==== Exercise data ====

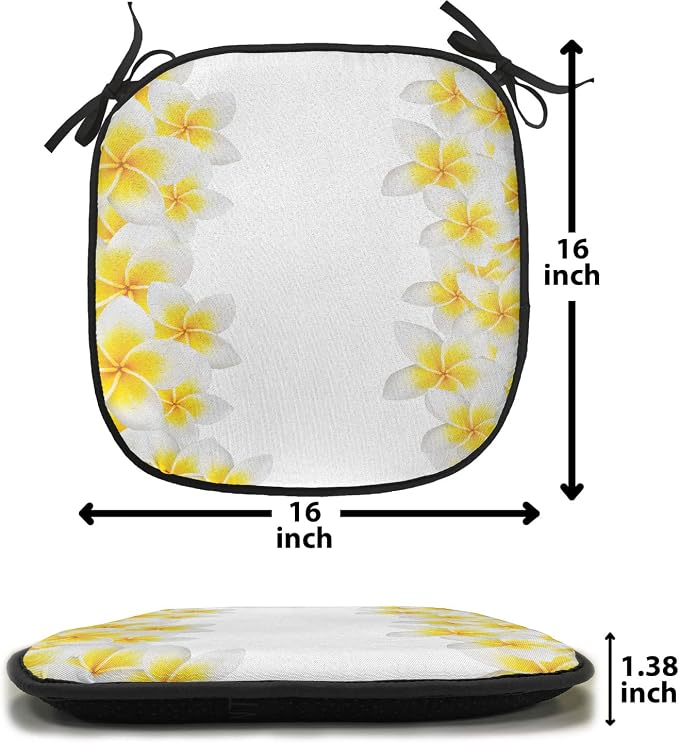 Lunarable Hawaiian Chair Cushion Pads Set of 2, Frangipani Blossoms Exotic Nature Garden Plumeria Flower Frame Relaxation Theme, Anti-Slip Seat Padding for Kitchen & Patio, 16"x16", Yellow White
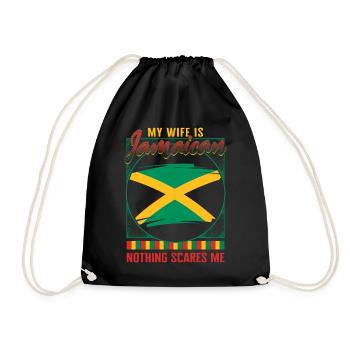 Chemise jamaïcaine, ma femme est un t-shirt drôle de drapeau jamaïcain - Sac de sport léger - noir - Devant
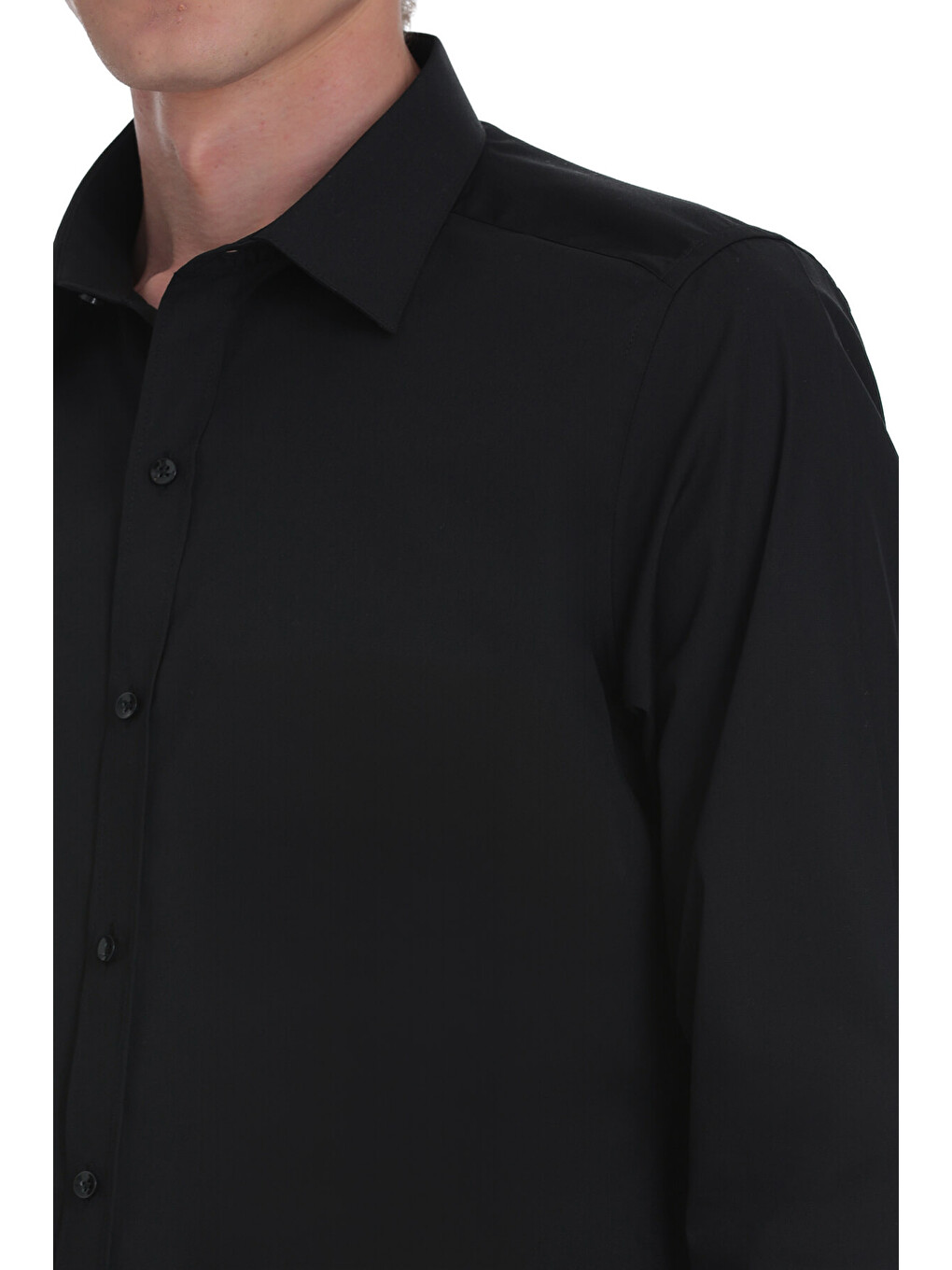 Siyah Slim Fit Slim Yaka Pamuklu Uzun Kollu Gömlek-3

====
==== Exercise data ====

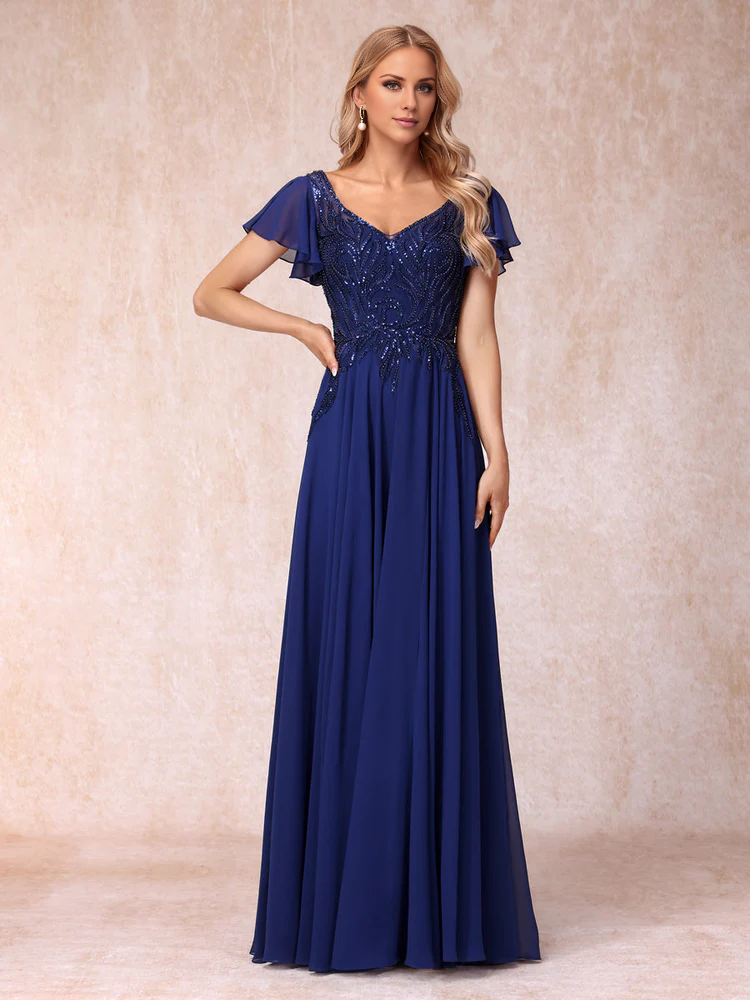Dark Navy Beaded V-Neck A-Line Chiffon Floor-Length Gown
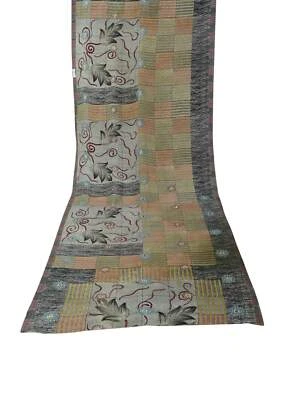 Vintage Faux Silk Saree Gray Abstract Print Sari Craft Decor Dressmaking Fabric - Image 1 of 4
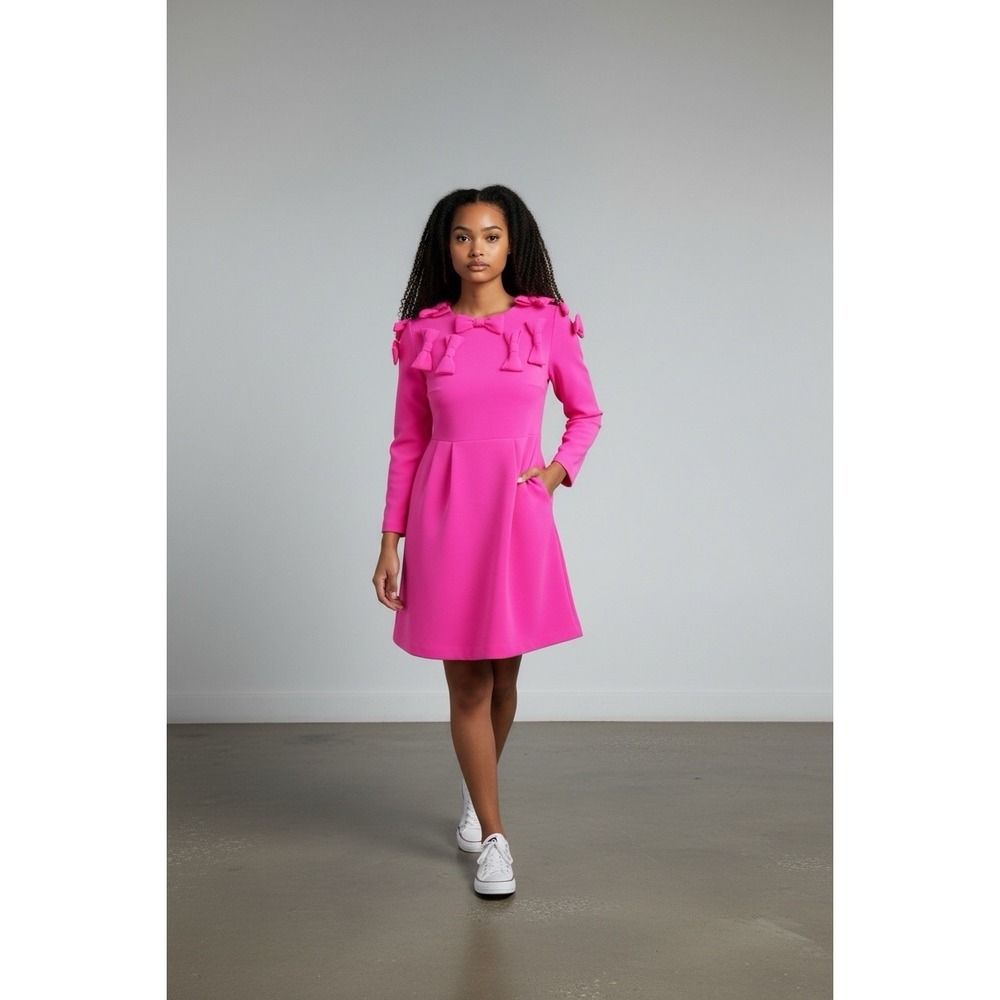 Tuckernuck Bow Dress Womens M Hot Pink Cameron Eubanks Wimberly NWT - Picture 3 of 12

====

Problem to solve:
Output exactly the lines above, from the line with "Chemise jamaïcaine, ma" to the line with "Siyah Slim Fit", both included; skip the pictures.

Output for this task:
 Chemise jamaïcaine, ma femme est un t-shirt drôle de drapeau jamaïcain - Sac de sport léger - noir - Devant
 Siyah Slim Fit Slim Yaka Pamuklu Uzun Kollu Gömlek-3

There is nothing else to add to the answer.